Kraska et al (2017) The Case for Learned Index Structure (arXiv)

This paper (PDF) investigates the use of neural network in deriving index structures (learned indexes), in the direction to replace B-tree, hash map, or Bloom filters. The paper claims that the index derived from neural network can outperform B-tree index in both speed and space.

The Case of B-tree

B-tree is a model that takes a key as an input and predicts he position of data record. The paper assumes the records are stored in an array and sorted by the records’ keys. The B-tree is a look up function such that for an input key, the output is the position in the array such that the record has a key equal to or greater than the look up key.

B-tree is therefore a regression tree in machine learning. It maps a key to a position with min- and max-error (min-error = 0, max-error = page size).

The paper’s proposal is to use neural network to derive function for a static set of \(N\) keys (i.e., retraining may be required when the records are updated). If we found this function, we are turning the \(O(\log n)\) B-tree look up into a \(O(1)\) function computation.
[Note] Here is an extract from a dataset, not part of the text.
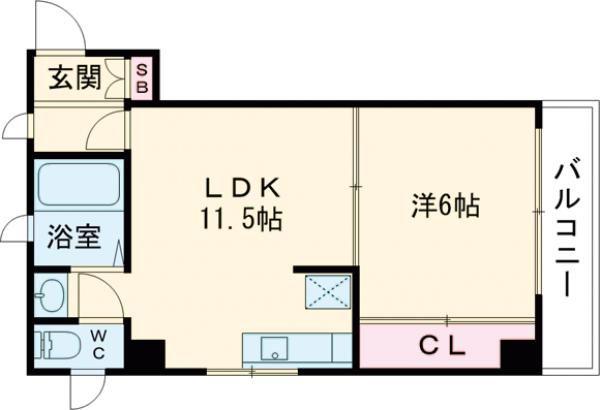 三木ビル(1LDK/3階)の間取り写真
Because we assumed the \(N\) records are stored in an array in sorted order, the function to find is a CDF (cumulative distribution function) scaled to \([0,N)\). If the CDF for key \(k\) is \(F(k)=\Pr[X\le k]\), the function we are looking for is

\[p = F(k) \times N\]

which \(p\in [0,N)\).

The paper tried with a two-layer fully-connected neural network with 32 neurons per layer and ReLU activation functions (i.e., \(f(x) = \max(0,x)\)) to find the CDF. The resultant CDF is time and space efficient to narrow down the position of a record to a region of thousands, but to further reduce the error will require much more space and CPU time (the “last mile” index).

To overcome such challenge, the paper mentioned learning index framework (LIF) and recursive model index (RMI). The LIF generates different index configurations, optimizes them and test them. RMI structure the index into steps in order to refine the error margin. It is a recursive regression model \(f(k) \in [0,N)\) such that at each stage \(i\), the model \(f_i^{(\ell)}(x) \approx y\) takes the key and picks another model based on the stage output until the final stage, then predicts the position. Indeed each stage has certain models \(f_i^{(1)}, \cdots, f_i^{(L)}\) and each model \(f_i^{(\ell)}(x)\) is a valid approximation for CDF with error minimized for a subrange of output \([0,N)\). By staging models, we reduce the error in output (i.e., the last mile accuracy) and complexity in each function.

If the model is really hard to learn, we can replace the last-stage function with a small B-tree, forming a hybrid index model.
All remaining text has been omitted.